Material to process below:
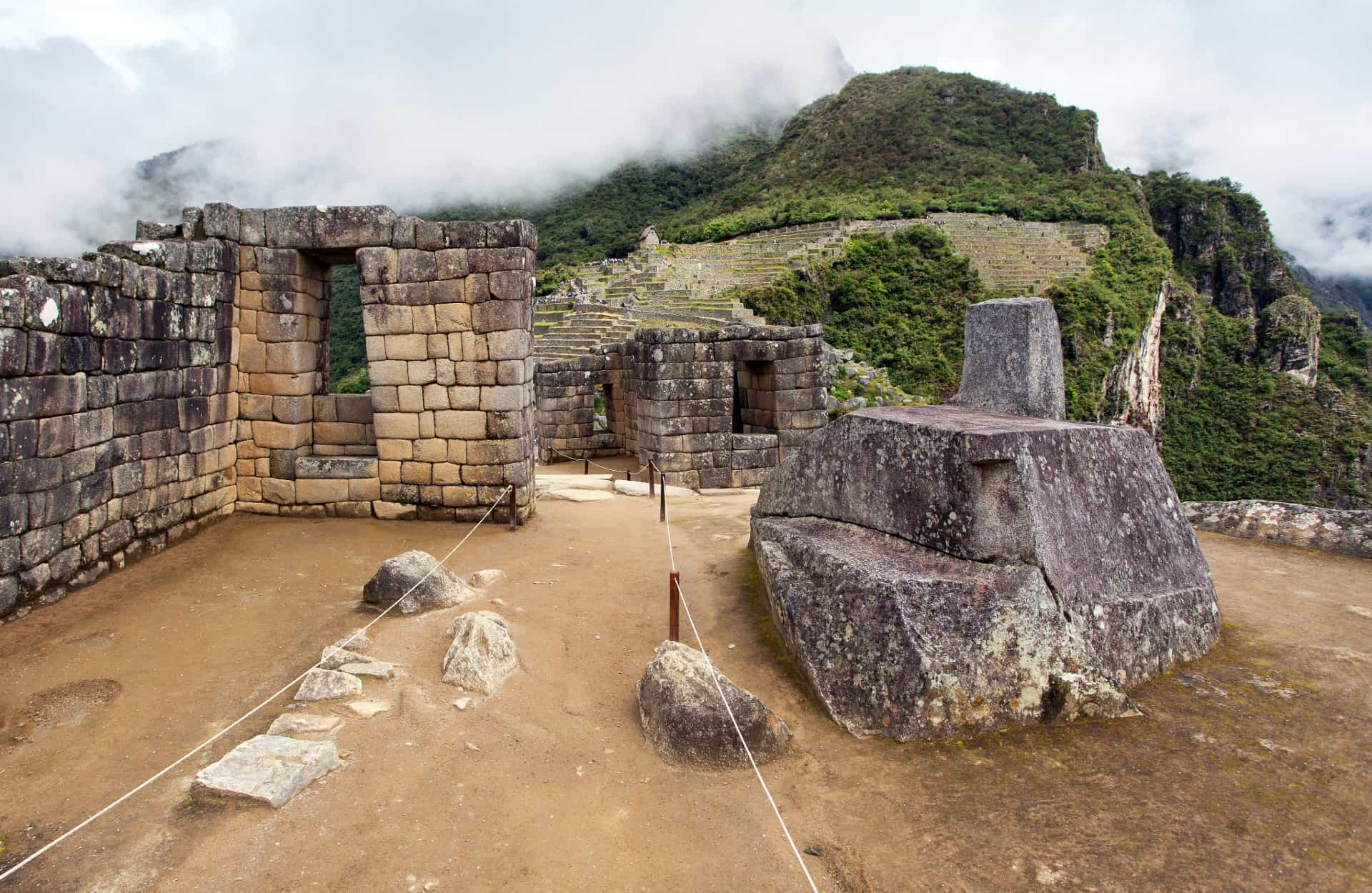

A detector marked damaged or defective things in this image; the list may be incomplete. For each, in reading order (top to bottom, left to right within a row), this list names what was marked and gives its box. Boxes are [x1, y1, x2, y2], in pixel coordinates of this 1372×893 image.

rusty metal post [669, 573, 680, 642]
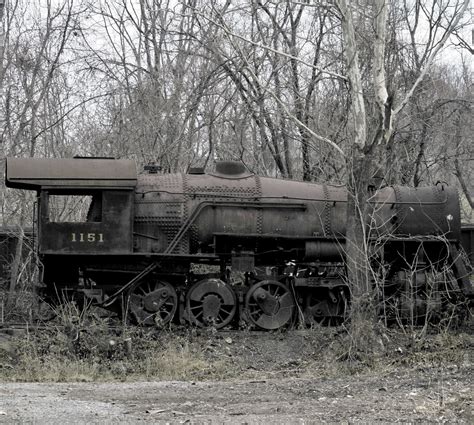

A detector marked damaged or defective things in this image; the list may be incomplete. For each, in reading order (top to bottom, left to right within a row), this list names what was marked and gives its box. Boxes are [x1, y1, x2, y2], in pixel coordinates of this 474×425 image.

rusty metal surface [5, 157, 136, 188]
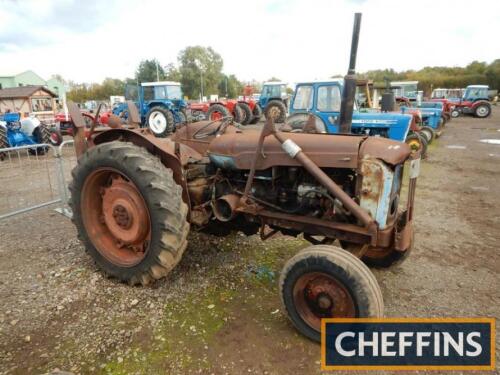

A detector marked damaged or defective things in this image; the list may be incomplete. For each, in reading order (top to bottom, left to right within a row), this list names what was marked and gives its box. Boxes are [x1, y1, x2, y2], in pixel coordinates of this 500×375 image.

rusty tractor [65, 13, 418, 342]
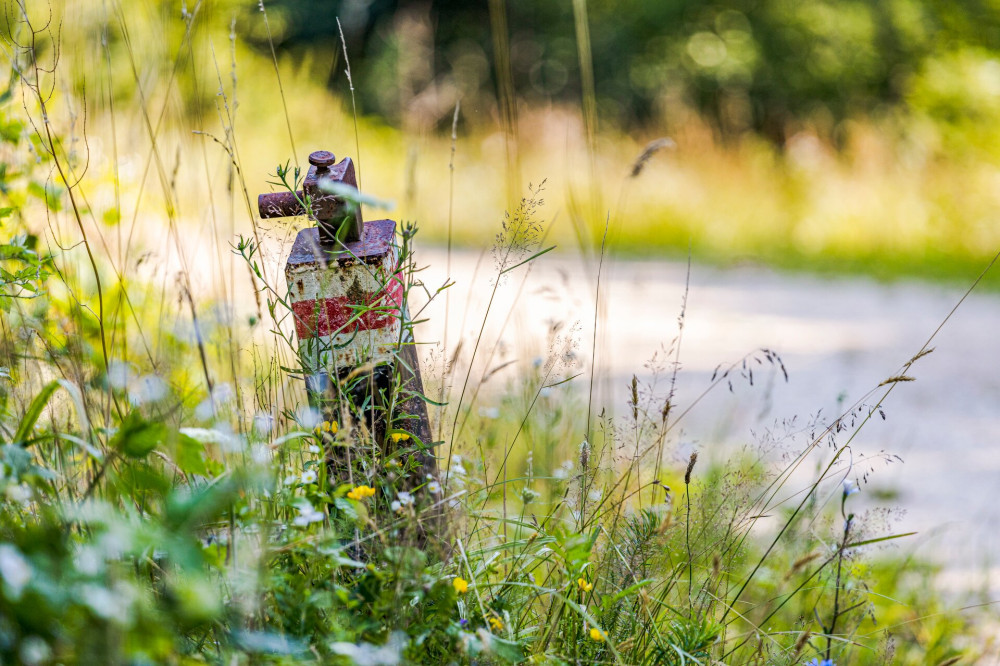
End of Material to process.
• Task brief: From the line that contains "this 500×375 image." to the last line of the records above, copy each line exactly, both ends included, and leave the pictures out.

• Output of the exercise:
A detector marked damaged or defective things in this image; the list may be incomplete. For each, in reading order (top to bottom, left to right within a row), this list names what was marked and gives its box. Boxes are [x1, y1, x2, y2], in pixel coordinates of this 500×375 image.

rusty tractor [65, 13, 418, 342]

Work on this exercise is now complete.